### What you are asked to do
Leave the pictures out and restate every line below exactly.

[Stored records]

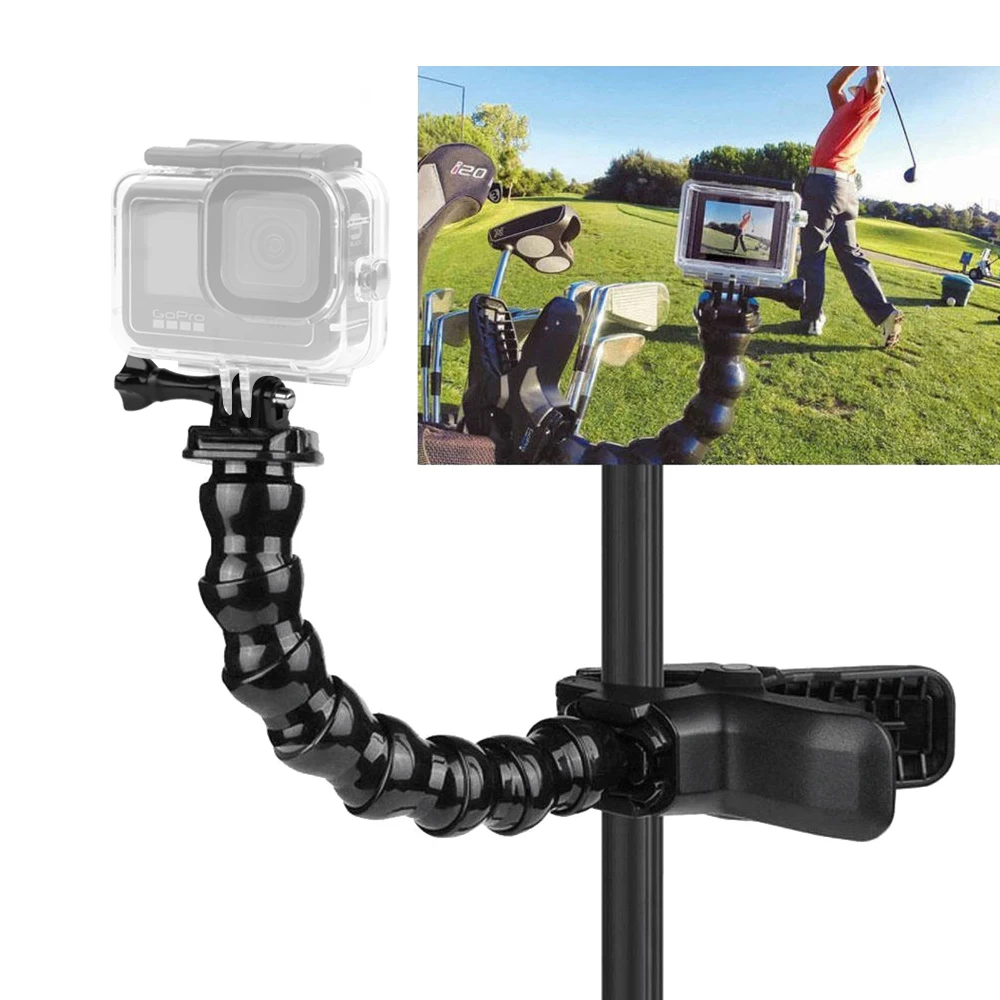 Jaws Flex Clamp Mount with Adjustment Goose Neck for GoPro 10 9 8 7 5 Black SJCAM Xiaomi Yi 4K H9r Insta360 One X2 Camera
Jaws Flex Clamp Mount with Adjustment Goose Neck for GoPro 10 9 8 7 5 Black SJCAM Xiaomi Yi 4K H9r Insta360 One X2 Camera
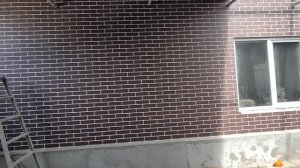 фасад дома своими руками под кирпич!!!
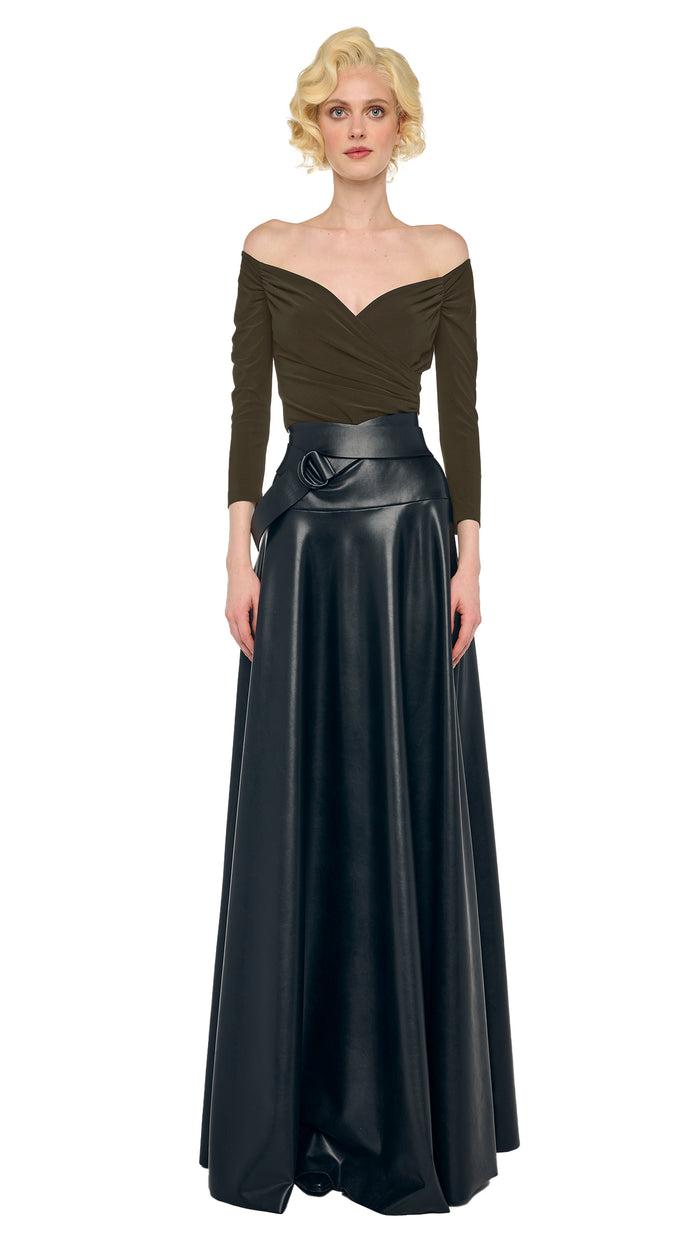 norma kamali OFF SHOULDER SWEETHEART BODYSUIT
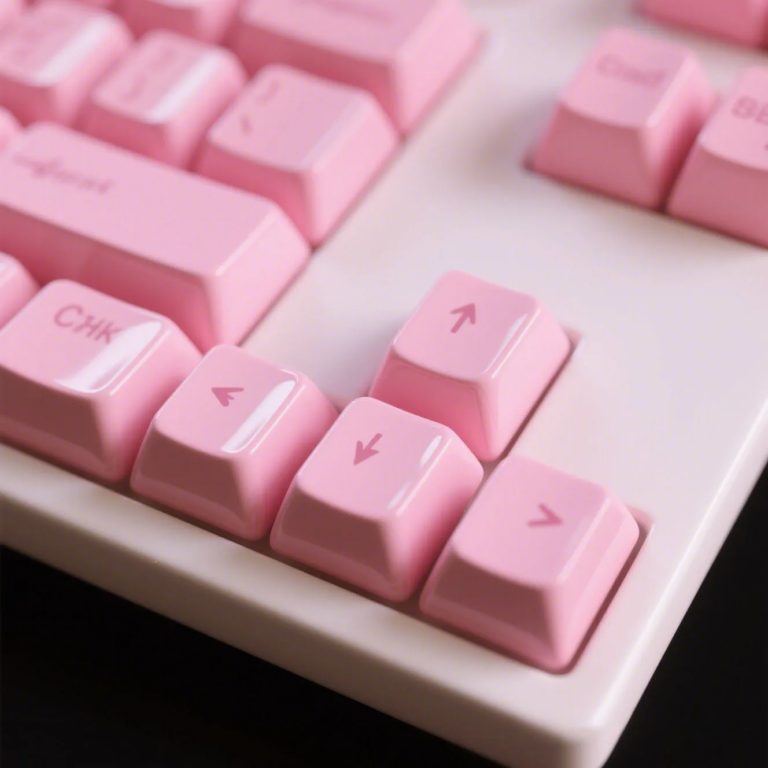 Pink Ceramic Keycap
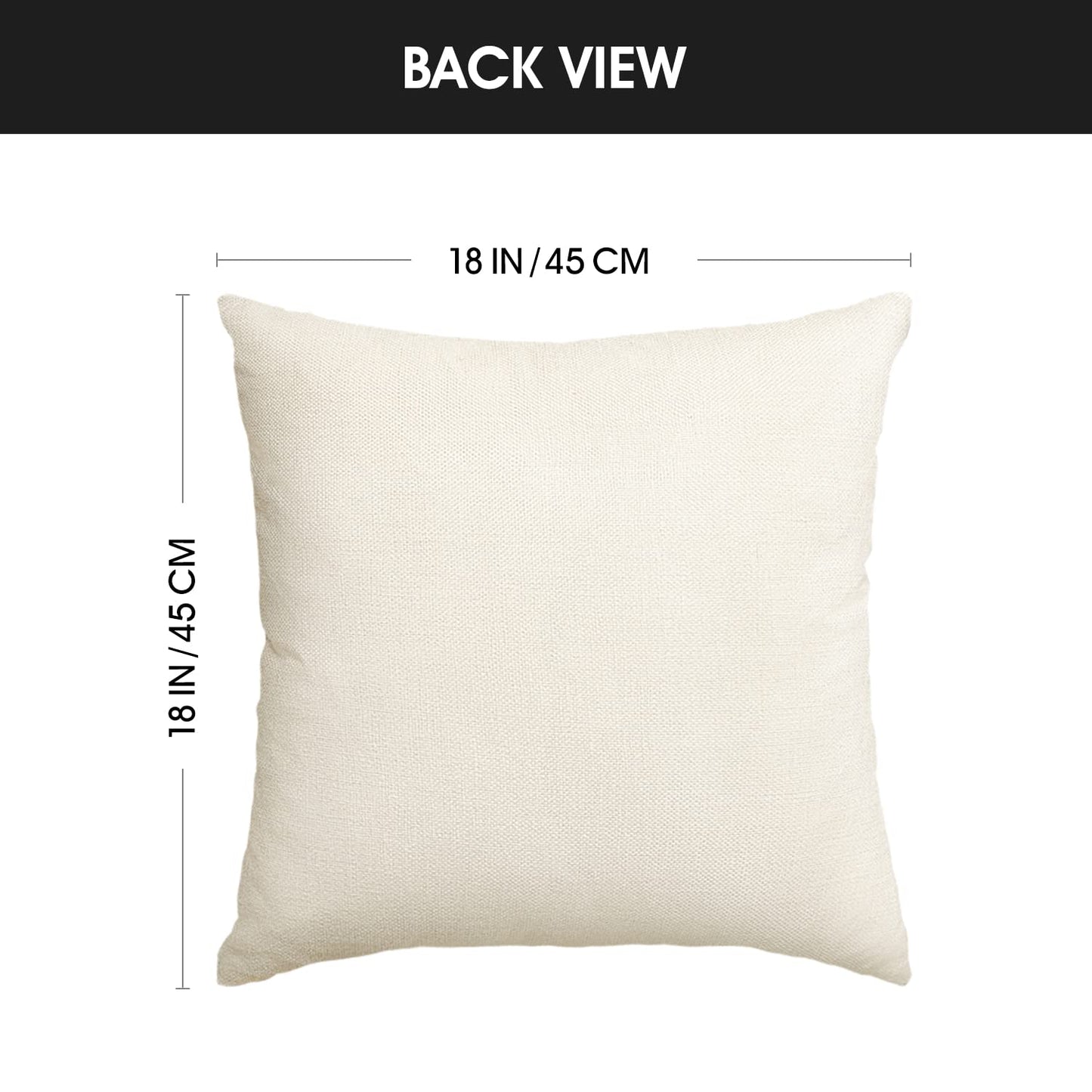 AVOIN colorlife Home Sweet Home Bee Sunflower Throw Pillow Covers, 18 x 18 Inch Love Lives Here Spring Summer Stripes Cushion Case for Sofa Couch Set of 4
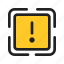 warning, attention, caution, danger, alert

### Your solution
 Jaws Flex Clamp Mount with Adjustment Goose Neck for GoPro 10 9 8 7 5 Black SJCAM Xiaomi Yi 4K H9r Insta360 One X2 Camera
Jaws Flex Clamp Mount with Adjustment Goose Neck for GoPro 10 9 8 7 5 Black SJCAM Xiaomi Yi 4K H9r Insta360 One X2 Camera
 фасад дома своими руками под кирпич!!!
 norma kamali OFF SHOULDER SWEETHEART BODYSUIT
 Pink Ceramic Keycap
 AVOIN colorlife Home Sweet Home Bee Sunflower Throw Pillow Covers, 18 x 18 Inch Love Lives Here Spring Summer Stripes Cushion Case for Sofa Couch Set of 4
 warning, attention, caution, danger, alert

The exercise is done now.